Branch-Prediction said:
To predict and accelerate branches, AMD Family 15h processors employ a combination of nextaddress
logic, a 2-level branch target buffer (BTB) for branch identification and direct target
prediction, a return address stack used for predicting return addresses, an indirect target predictor for
predicting indirect jump and call addresses, a hybrid branch predictor for predicting conditional
branch directions, and a fetch window tracking structure (BSR). Predicted-taken branches incur a 1-
cycle bubble in the branch prediction pipeline when they are predicted by the L1 BTB, and a 4-cycle
bubble in the case where they are predicted by the L2 BTB. The minimum branch misprediction
penalty is 20 cycles in the case of conditional and indirect branches and 15 cycles for unconditional
direct branches and returns.
The BTB is a tagged two-level set associative structure accessed using the fetch address of the current
window. Each BTB entry includes information about a branch and its target. The L1 BTB contains
128 sets of 4 ways for a total of 512 entries, while the L2 BTB has 1024 sets of 5 ways for a total of
5120 entries.
The hybrid branch predictor is used for predicting conditional branches. It consists of a global
predictor, a local predictor and a selector that tracks whether each branch is correlating better with the
global or local predictor. The selector and local predictor are indexed with a linear address hash. The
global predictor is accessed via a 2-bit address hash and a 12-bit global history.
AMD Family 15h processors implement a separate 512- entry indirect target array used to predict
indirect branches with multiple dynamic targets.
In addition, the processors implement a 24-entry return address stack to predict return addresses from
a near or far call. Most of the time, as calls are fetched, the next return address is pushed onto the
return stack and subsequent returns pop a predicted return address off the top of the stack. However,
mispredictions sometimes arise during speculative execution. Mechanisms exist to restore the stack to
a consistent state after these mispredictions.
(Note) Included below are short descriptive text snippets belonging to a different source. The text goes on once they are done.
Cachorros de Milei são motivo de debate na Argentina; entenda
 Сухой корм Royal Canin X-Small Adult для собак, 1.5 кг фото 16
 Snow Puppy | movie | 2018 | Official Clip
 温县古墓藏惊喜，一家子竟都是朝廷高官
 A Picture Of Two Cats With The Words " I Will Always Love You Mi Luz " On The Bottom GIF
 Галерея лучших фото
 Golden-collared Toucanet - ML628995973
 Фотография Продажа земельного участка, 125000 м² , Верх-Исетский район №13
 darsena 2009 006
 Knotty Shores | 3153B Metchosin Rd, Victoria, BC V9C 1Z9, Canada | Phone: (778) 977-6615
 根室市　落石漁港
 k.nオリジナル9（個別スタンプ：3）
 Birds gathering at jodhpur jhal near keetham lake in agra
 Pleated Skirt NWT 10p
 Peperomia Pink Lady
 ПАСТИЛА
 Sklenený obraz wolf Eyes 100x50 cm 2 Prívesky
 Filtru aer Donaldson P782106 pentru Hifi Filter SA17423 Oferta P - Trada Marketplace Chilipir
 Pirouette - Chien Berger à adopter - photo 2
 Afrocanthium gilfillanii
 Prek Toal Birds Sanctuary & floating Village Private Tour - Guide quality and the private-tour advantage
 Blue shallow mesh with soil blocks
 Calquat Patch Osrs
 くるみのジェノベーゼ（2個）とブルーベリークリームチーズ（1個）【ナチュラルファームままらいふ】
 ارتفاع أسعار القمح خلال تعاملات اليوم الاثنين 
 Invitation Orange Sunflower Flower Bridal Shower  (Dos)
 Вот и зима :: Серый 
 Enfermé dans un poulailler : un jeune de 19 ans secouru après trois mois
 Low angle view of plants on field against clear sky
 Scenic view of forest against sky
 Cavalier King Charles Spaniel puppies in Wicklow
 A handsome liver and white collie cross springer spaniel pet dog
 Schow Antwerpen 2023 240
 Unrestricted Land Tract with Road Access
Instruction Fetch and Decode said:
AMD Family 15h processors can theoretically fetch 32B of instructions per cycle and send these
instructions to the Decode Unit (DE) in 16B windows through the 16-entry (per-thread) Instruction
Byte Buffer (IBB). The Decode Unit can only scan two of these 16B windows in a given cycle for up
to four instructions. If four instructions partially or wholly exist in more than two of these windows,
only those instructions within the first and second windows will be decoded. Aligning to 16B
boundaries is important to achieve full decode performance.

Integer Execution said:
The integer execution unit for the AMD Family 15h processor consists of two components:
• the integer datapath
• the instruction scheduler and retirement control
These two components are responsible for all integer execution (including address generation) as well
as coordination of all instruction retirement and exception handling. The instruction scheduler and
retirement control tracks instruction progress from dispatch, issue, execution and eventual retirement.
The scheduling for integer operations is fully data-dependency driven; proceeding out-of-order based
on the validity of source operands and the availability of execution resources.
Since the Bulldozer core implements a floating point co-processor model of operation, most
scheduling and execution decisions of floating-point operations are handled by the floating point unit.
However, the scheduler does track the completion status of all outstanding operations and is the final
arbiter for exception processing and recovery.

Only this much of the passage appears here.